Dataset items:
*-*-*

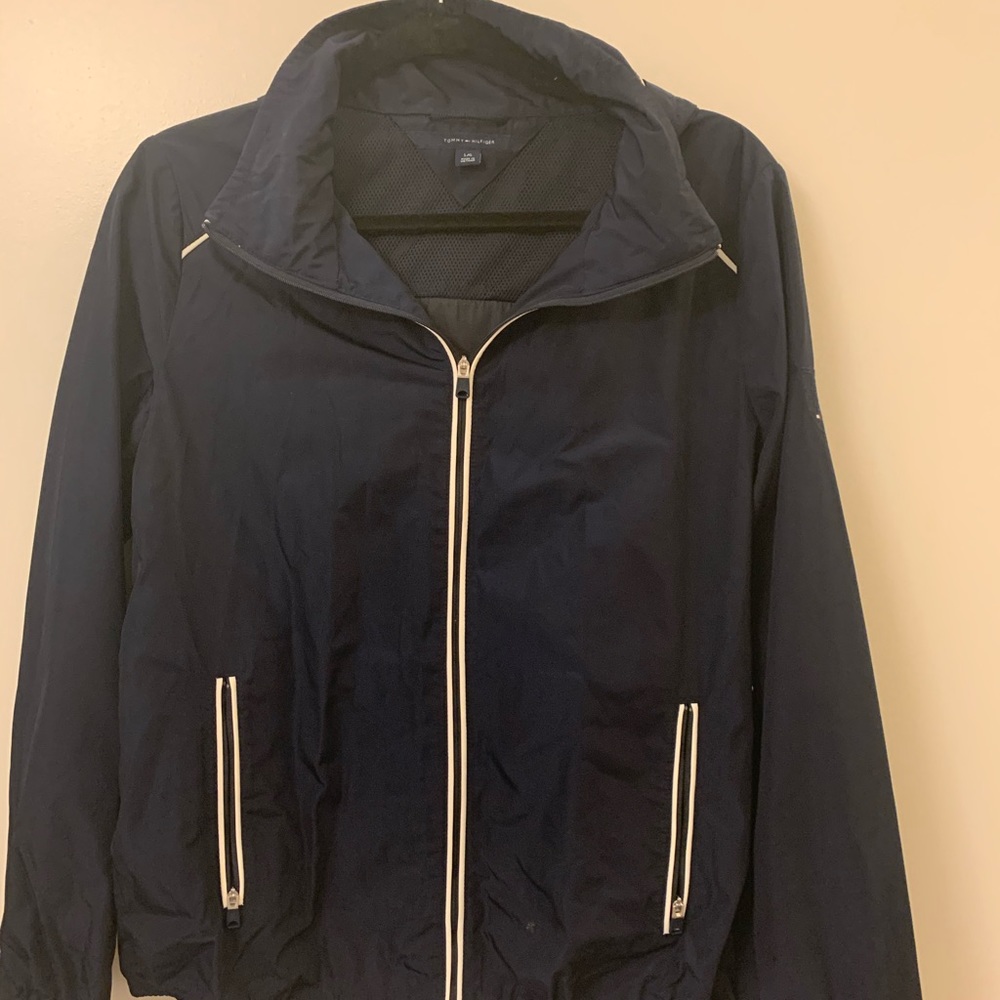 Raincoat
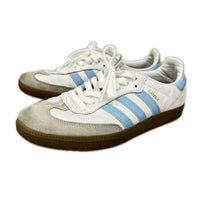 スニーカー adidas Samba OG WH/BL 26.0㎝ 26cm (US8 UK7 1/2 EU42)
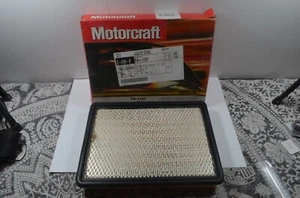 OEM NUEVO STOCK ANTIGUO FORD MOTORCRAFT FILTRO DE AIRE FA-1127 - Imagen 1 de 4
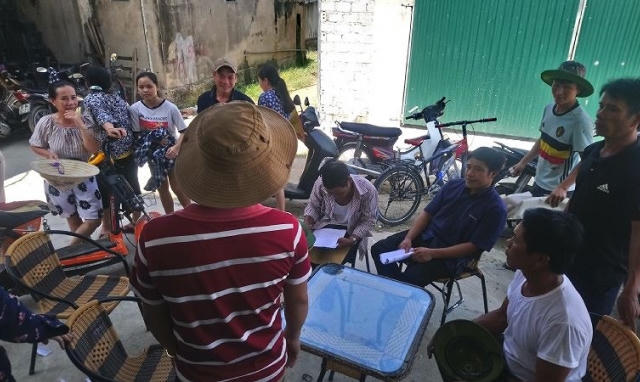 Phản hồi vụ giá điện bất hợp lý tại Thanh Hóa: Điện lực Tĩnh Gia sẽ sớm tiếp nhận lưới điện xã Hải Thanh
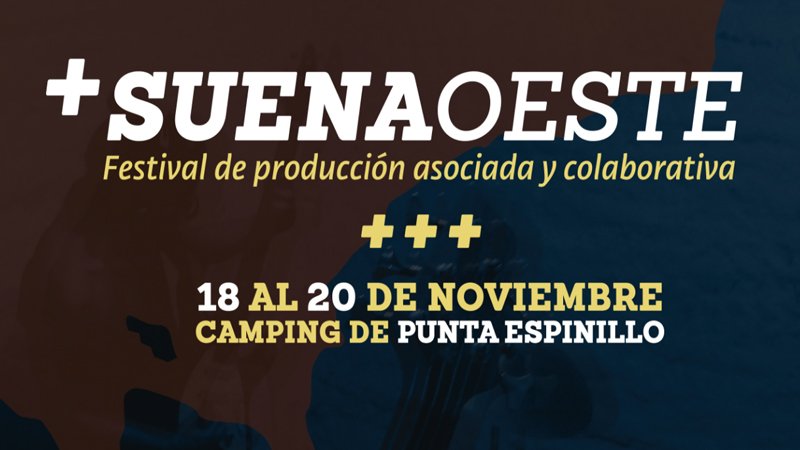 suenaoeste festival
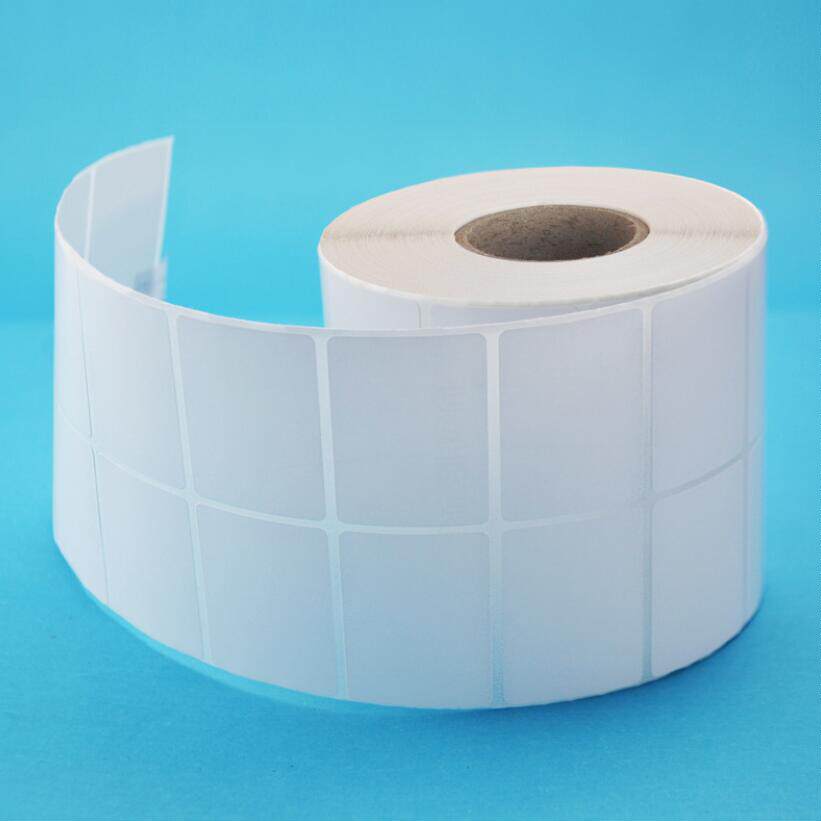 50X35铜版不干胶纸TSCTE244 247 4T300 4T200 ZD888T贴纸标签特惠,办公设备/耗材/相关服务,标签打印纸/条码纸,淘宝优惠券,粉丝福利购,淘宝优惠卷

*-*-*

**ASSIGNMENT**
Apart from its pictures, the data is to be repeated exactly.

**SOLUTION FOR THIS PROBLEM**
 Raincoat
 スニーカー adidas Samba OG WH/BL 26.0㎝ 26cm (US8 UK7 1/2 EU42)
 OEM NUEVO STOCK ANTIGUO FORD MOTORCRAFT FILTRO DE AIRE FA-1127 - Imagen 1 de 4
 Phản hồi vụ giá điện bất hợp lý tại Thanh Hóa: Điện lực Tĩnh Gia sẽ sớm tiếp nhận lưới điện xã Hải Thanh
 suenaoeste festival
 50X35铜版不干胶纸TSCTE244 247 4T300 4T200 ZD888T贴纸标签特惠,办公设备/耗材/相关服务,标签打印纸/条码纸,淘宝优惠券,粉丝福利购,淘宝优惠卷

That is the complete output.